Criterion revision proposal: KDE default applications

Sat Dec 14 19:25:40 UTC 2013

On Sat, 2013-12-14 at 13:47 -0500, Richard Ryniker wrote:
> The defining characteristic of the Live images is that they run
> without installation on a user's disks.  Beyond that, they have the
> capability to install a minimal Fedora system to a local disk.  Once
> the size limit for a live image is increased beyond the capacity of a
> CD (or other common media), there seems no reason to limit the live
> image size to 1 GB, or any arbitrary value.
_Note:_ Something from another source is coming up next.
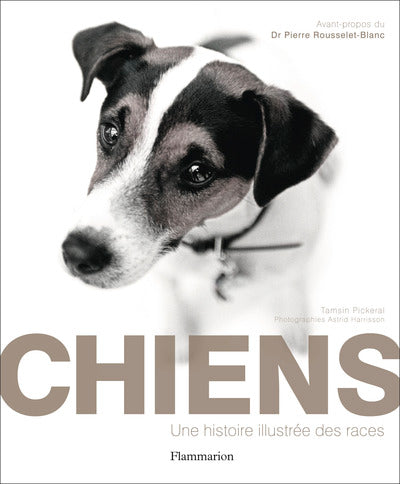 Chiens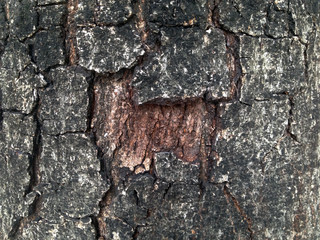 Fototapeta premium bark tree for texture and wall paper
There's no reason to limit it to any arbitrary value, but none of the
values we've used or discussed is arbitrary. 1GB is the size of a 1GB
USB stick, 2GB is the size of a 2GB USB stick. 3GB for example would
make no sense as no-one makes media in that size. Obvious 'sensible'
target sizes are 650MB CD, 700MB CD, 1GB USB, 2GB USB, 4GB USB, 4GiB
(because of FAT32 filesystem issues...), single-layer DVD, 8GB USB,
dual-layer DVD, 16GB USB.

> Rather than struggle to find what can be be discarded from a live
> image in order to achieve a particular size, why not build the DVD
> product as a live system, or expand the existing live recipe to
> include more of the frequently used packages and not build the DVD?
> The DVD installer program has much more flexibility, but this is due
> to that arbitrary size limit, I expect: there just is not space for
> the full Fedora installation program (plus local repository) in
> today's live images.

No, it isn't, really. The live installer can only install the package
set you actually get when booting live, because all it does is dump
itself to the hard disk; it doesn't actually contain or install any
packages per se. So I don't see how we can do the DVD-as-live-image
thing in any practical way; the point of the DVD is that you can install
_different_ environments from it, but there's no way you can do that
from a live image.

It's also worth noting that the installer team doesn't like installing
from a live environment. It involves rather a lot of messy hacks and can
cause breakage; the major problem they have is they cannot possibly
trust that the system is in a 'clean' state when the installer
initializes, which they can control from the 'traditional' installer
mode.

One thing they've floated as an idea is to have a separate 'installation
environment' you could boot into from the live images - so you could
either boot into 'try it out' live mode, or 'install it' installer mode,
but not run the installer from within the live mode.

> A sizable group of users may have very limited hardware resources -
> no network, only a CD drive.  This group would be a reasonable target
> for a "Limited Resources" spin that seeks to tailor Fedora to such an
> environment.  For example, these systems may have too little memory to
> support anaconda (and many of the applications in Fedora's default
> configuration).  Maybe a new SIG for this target.  (Perhaps it already
> exists and I, with richer hardware resources, never looked for it.)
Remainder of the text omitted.